== Information supplied ==

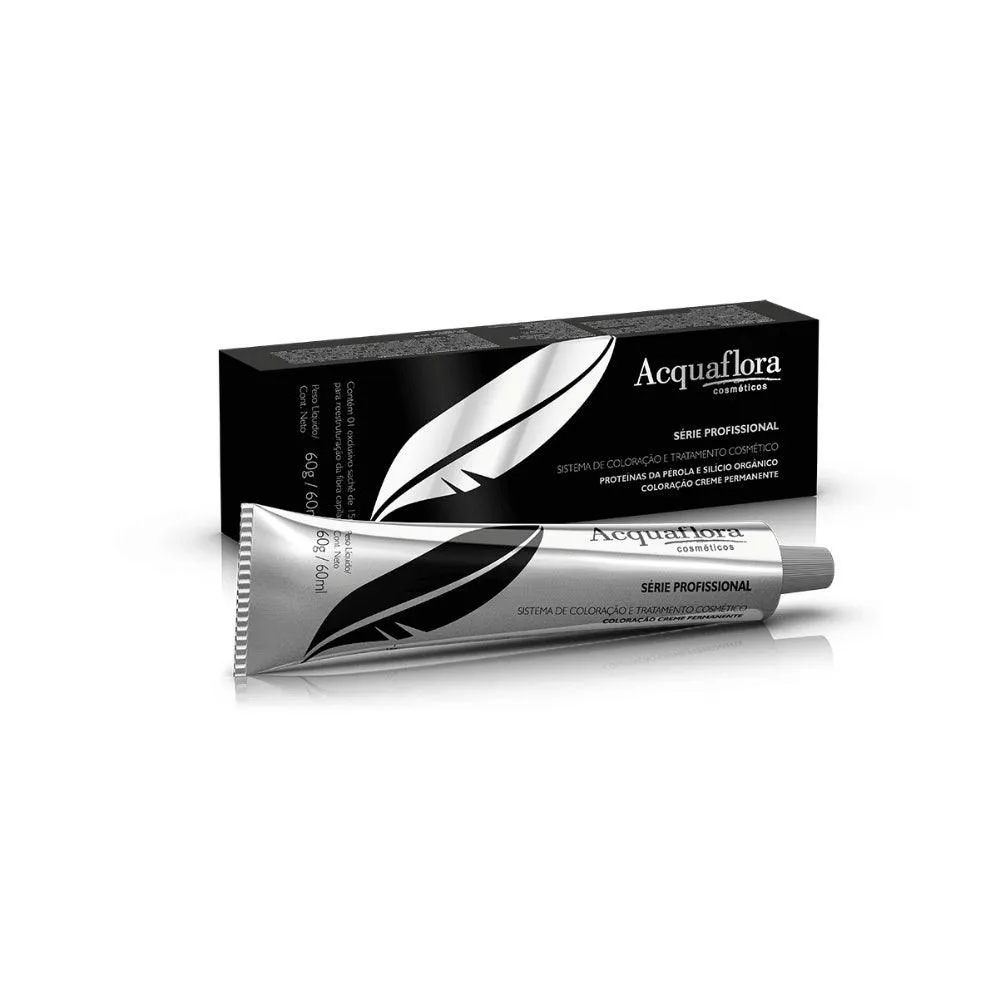 TONALIZANTE SEM AMôNIA ACQUAFLORA 10.91 LOURO CLARíSSIMO PéROLA ACINZENTADO 60GR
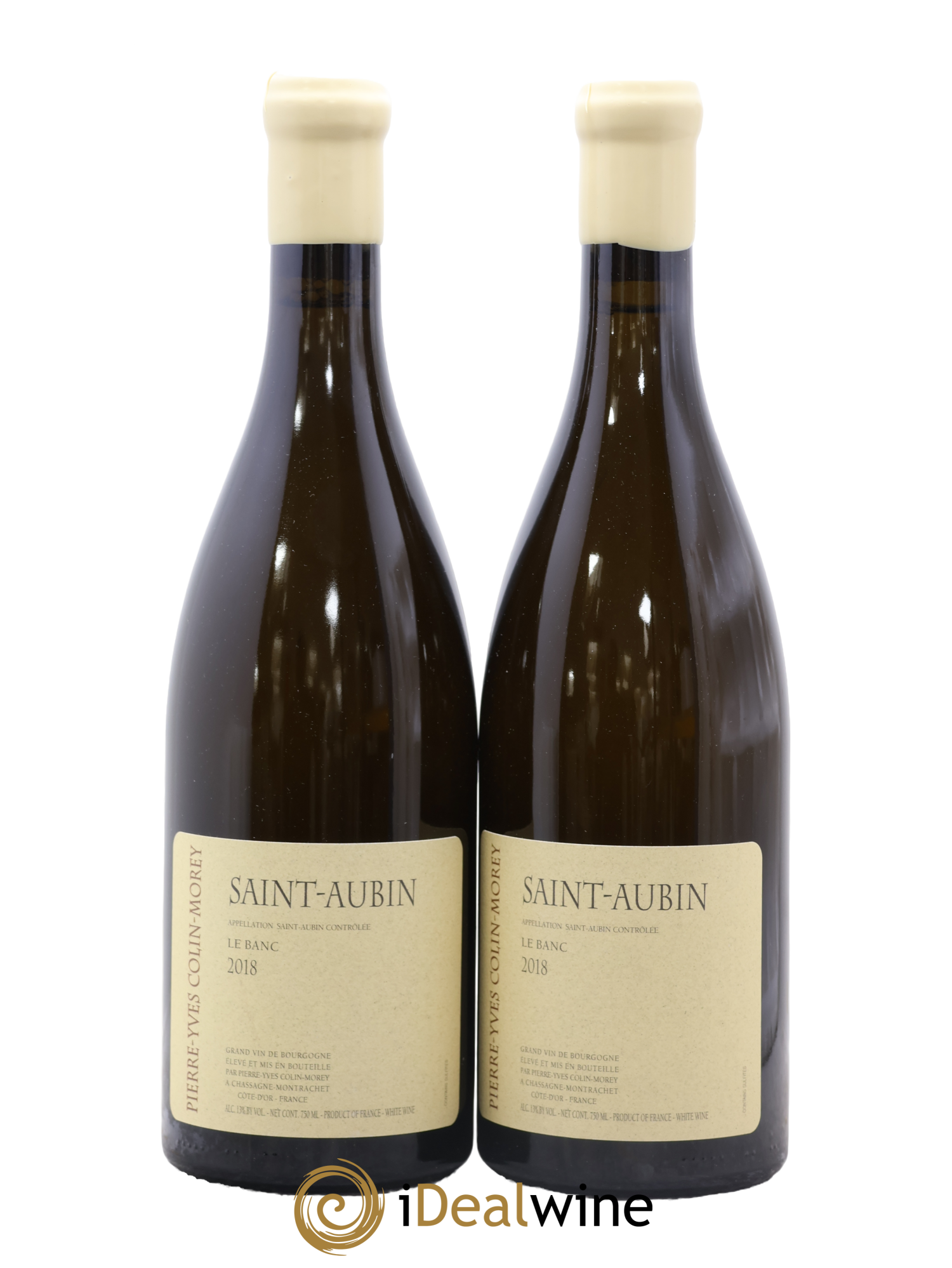 Saint-Aubin Le Banc Pierre-Yves Colin Morey 2018 - Lot de 2 bouteilles - 0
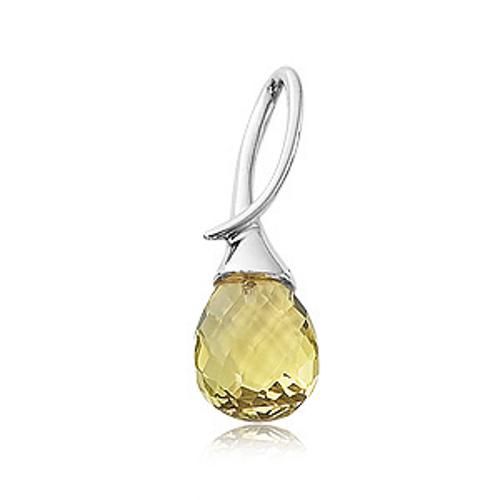 14x12 Ps Briolette Oro Verde Pendant - 80329ov-ss - Sterling Silver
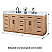 Issac Edwards 84" Double Bathroom Vanity in Light Brown with Grain White Composite Stone Countertop with Mirror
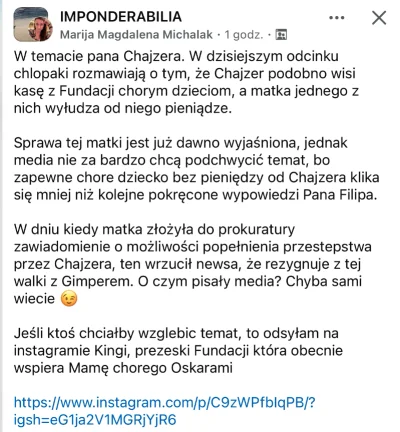 irytujacytyp - >Chajzerowi obiecywali że Natana nie będzie na gali

@Luczekxd:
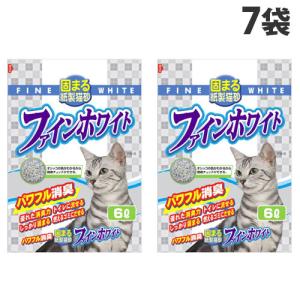 常陸化工 猫砂 紙製 ファインホワイト オシッコの色がわかる紙製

===

Work request:
The result should be an exact copy of every entry above, with no pictures included.

Written answer:
 TONALIZANTE SEM AMôNIA ACQUAFLORA 10.91 LOURO CLARíSSIMO PéROLA ACINZENTADO 60GR
 Saint-Aubin Le Banc Pierre-Yves Colin Morey 2018 - Lot de 2 bouteilles - 0
 14x12 Ps Briolette Oro Verde Pendant - 80329ov-ss - Sterling Silver
 Issac Edwards 84" Double Bathroom Vanity in Light Brown with Grain White Composite Stone Countertop with Mirror
 irytujacytyp - >Chajzerowi obiecywali że Natana nie będzie na gali

@Luczekxd:
 常陸化工 猫砂 紙製 ファインホワイト オシッコの色がわかる紙製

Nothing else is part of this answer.